Tulip bulbs are an ongoing annual gift from the Netherlands in thanks for Canada providing a safe haven for future Queen Juliana and her family during World War II. Perhaps the coolest, and definitely my mother’s very favourite, part of the history is that when then-Princess Juliana gave birth in Ottawa, the hospital maternity ward was temporarily declared extraterritorial so the baby could have solely Dutch citizenship.

The Tulip Festival began in the 1950s, and has become a huge celebration, often including outdoor concerts. I still remember the morning in 1988 when, out of nowhere, my mother asked if I’d like to go see The Nylons perform at Dow’s Lake that afternoon. The only caveat was that I had to drive. (My mother hated driving, especially in the city, and once I got my license, under the guise of my getting experience, it became my responsibility to get us from point A to point B.)

I, of course, jumped at the chance. And, being my mother and I, we arrived hours early to beat the traffic. There was barely anybody there, so we got seats on one of only half-a-dozen park benches in front of the stage. My mother happily sat there all afternoon, patiently waiting for the show to start, soaking up the sunshine and enjoying the steel drum band performing on a smaller stage off to one side. I, meanwhile, in an early fit of independence, kept running off to explore, returning every once-in-a-while to check on Mom, before taking off in another direction to look at something else.

Oh, and the concert, which was the first time I saw this favourite band of mine perform live, was fantastic. To this day, when I hear The Nylons version of The Lion Sleeps Tonight, I think of a perfect intersection of blue sky, sunshine, and freedom.

Beyond just tulips, the Netherlands has also gifted Ottawa a sculpture called The Man With Two Hats, the partner of which stands in the Dutch city of Apeldoorn. In recognition of the role Canadian soldiers had in the liberation of the Netherlands in WWII, part of the inscription on the sculpture reads:

The twin monuments symbolically link Canada and the Netherlands; though separated by an ocean, the two countries will forever be close friends.

Although the sculpture has been in place for 20 years, it was new to me, as I moved to Nova Scotia longer ago. And while I recognize it’s actually about large scale geopolitical forces, it felt very personally appropriate. It’s about connections, and it turns out that I have a lot more connections with Dow’s Lake at the hub than I ever realized.

Since I moved, it’s felt like my old home is very far away.
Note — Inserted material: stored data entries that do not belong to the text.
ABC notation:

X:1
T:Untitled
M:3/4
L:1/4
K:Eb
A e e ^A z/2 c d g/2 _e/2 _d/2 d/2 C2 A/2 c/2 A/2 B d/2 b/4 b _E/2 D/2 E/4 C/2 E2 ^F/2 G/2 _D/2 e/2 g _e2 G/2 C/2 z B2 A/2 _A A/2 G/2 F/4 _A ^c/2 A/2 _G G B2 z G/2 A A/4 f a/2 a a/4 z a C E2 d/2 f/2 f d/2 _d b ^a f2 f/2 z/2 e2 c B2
Perhaps there’s not an ocean between us, but I did move to the shores of one, to a place where even everyday language emphasizes distance. (When someone from outside the province visits, for example, we say that they’ve ‘come from away.’) That I was essentially running away from the past only added to the feeling of distance between my old world and my new one.
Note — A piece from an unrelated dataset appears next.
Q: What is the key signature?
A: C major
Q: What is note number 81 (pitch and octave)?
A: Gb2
But that distance was never a physical one. I can drive from my now home to my old one in a day, after all, and often have. Here, on the shores of Dow’s Lake, I realized that the distance had always been an emotional one. I’d pulled away as a defense mechanism, to give myself space both to overcome past trauma and become who I wanted to be. But I loved so many of the people I left behind that, in order to justify my leaving to myself, I built up a real dislike of Ottawa as a city in my head.

Turns out, it’s just not true. It also turns out that I’m far enough along in my journey that I can visit my old home and see it through new eyes. And best of all, for the first time, the stress about being in a city I ran away from wasn’t looming over my stay.
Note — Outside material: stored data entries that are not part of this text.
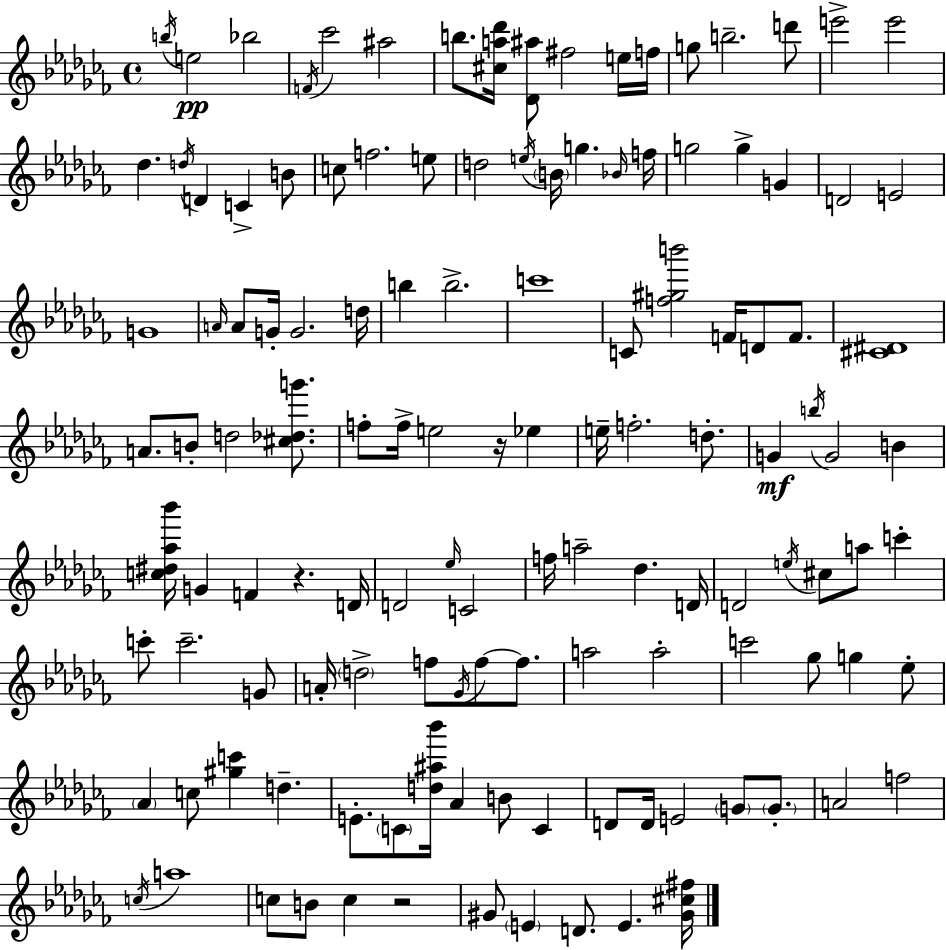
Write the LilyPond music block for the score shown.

{
  \clef treble
  \time 4/4
  \defaultTimeSignature
  \key aes \minor
  \acciaccatura { b''16 }\pp e''2 bes''2 | \acciaccatura { f'16 } ces'''2 ais''2 | b''8. <cis'' a'' des'''>16 <des' ais''>8 fis''2 | e''16 f''16 g''8 b''2.-- | \break d'''8 e'''2-> e'''2 | des''4. \acciaccatura { d''16 } d'4 c'4-> | b'8 c''8 f''2. | e''8 d''2 \acciaccatura { e''16 } \parenthesize b'16 g''4. | \break \grace { bes'16 } f''16 g''2 g''4-> | g'4 d'2 e'2 | g'1 | \grace { a'16 } a'8 g'16-. g'2. | \break d''16 b''4 b''2.-> | c'''1 | c'8 <f'' gis'' b'''>2 | f'16 d'8 f'8. <cis' dis'>1 | \break a'8. b'8-. d''2 | <cis'' des'' g'''>8. f''8-. f''16-> e''2 | r16 ees''4 e''16-- f''2.-. | d''8.-. g'4\mf \acciaccatura { b''16 } g'2 | \break b'4 <c'' dis'' aes'' bes'''>16 g'4 f'4 | r4. d'16 d'2 \grace { ees''16 } | c'2 f''16 a''2-- | des''4. d'16 d'2 | \break \acciaccatura { e''16 } cis''8 a''8 c'''4-. c'''8-. c'''2.-- | g'8 a'16-. \parenthesize d''2-> | f''8 \acciaccatura { ges'16 } f''8~~ f''8. a''2 | a''2-. c'''2 | \break ges''8 g''4 ees''8-. \parenthesize aes'4 c''8 | <gis'' c'''>4 d''4.-- e'8.-. \parenthesize c'8 <d'' ais'' bes'''>16 | aes'4 b'8 c'4 d'8 d'16 e'2 | \parenthesize g'8 \parenthesize g'8.-. a'2 | \break f''2 \acciaccatura { c''16 } a''1 | c''8 b'8 c''4 | r2 gis'8 \parenthesize e'4 | d'8. e'4. <gis' cis'' fis''>16 \bar "|."
}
We can never really escape our past. The best we can hope for is to integrate it into our present in a healthy way. What was intended to be a casual stroll around Dow’s Lake showed me that I’ve taken a big step in that direction. So I couldn’t stop smiling as Wendy, one of my dearest and longest term – no way in hell am I saying ‘oldest’ – friends struck poses next to The Man With Two Hats. Here I was, connecting with a beautiful, treasured friend of near on 40 years, complemented by a piece of art about connections, surrounded by things that reminded me of connections with family and nature and music and history.

Blue sky, sunshine, and freedom, indeed.